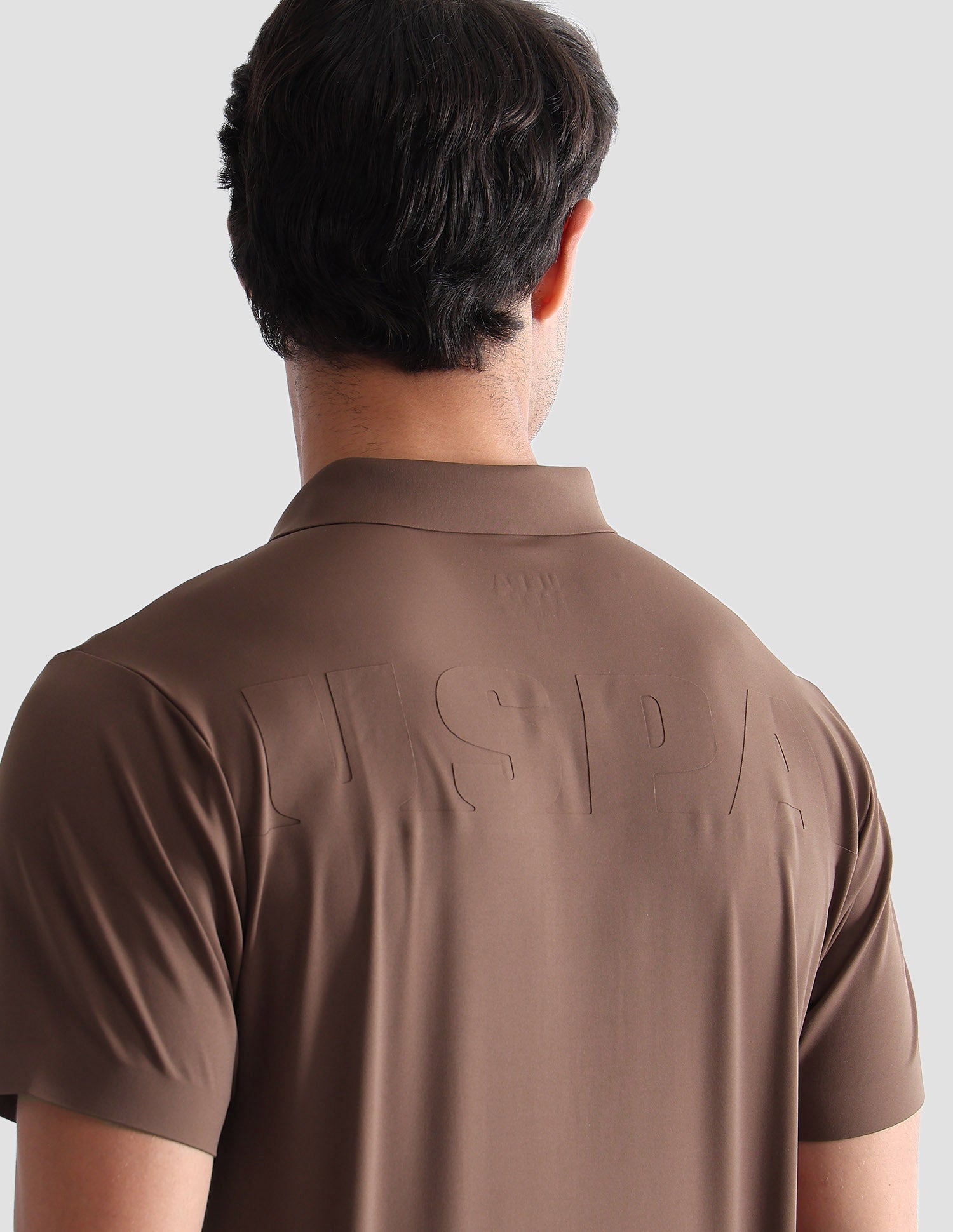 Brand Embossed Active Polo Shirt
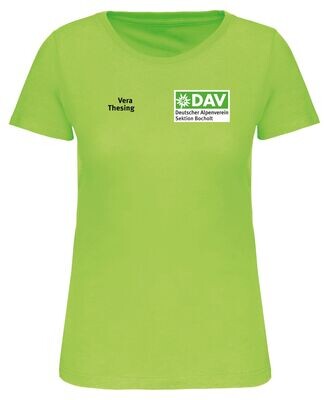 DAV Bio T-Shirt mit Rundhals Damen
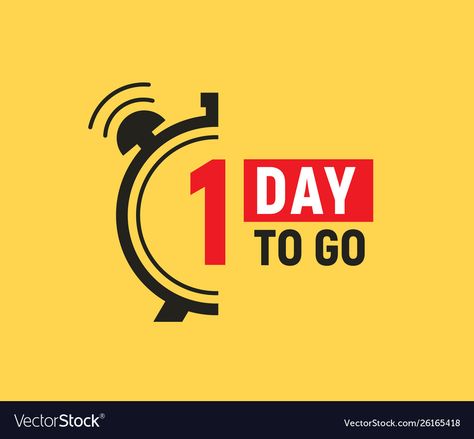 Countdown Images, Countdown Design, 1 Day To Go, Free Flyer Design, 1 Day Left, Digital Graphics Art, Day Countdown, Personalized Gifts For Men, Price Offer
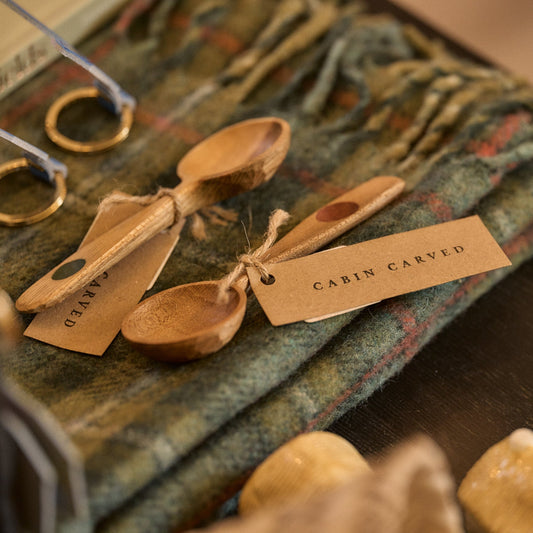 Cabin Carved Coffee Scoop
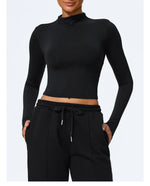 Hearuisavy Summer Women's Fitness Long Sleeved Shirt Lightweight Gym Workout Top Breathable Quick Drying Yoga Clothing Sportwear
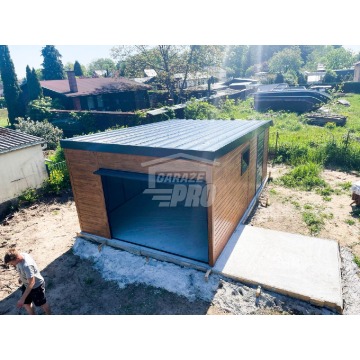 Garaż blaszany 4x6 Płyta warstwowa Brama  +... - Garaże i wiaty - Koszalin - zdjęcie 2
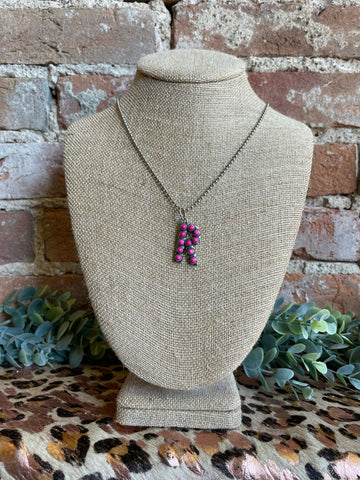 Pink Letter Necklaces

★ ★ ★ ★ ★

■ Work request
Write out again only the lines from the line that contains "Garaż blaszany 4x6" through the last line of the records, both ends included, without any of the pictures.

■ Worked solution
 Garaż blaszany 4x6 Płyta warstwowa Brama  +... - Garaże i wiaty - Koszalin - zdjęcie 2
 Pink Letter Necklaces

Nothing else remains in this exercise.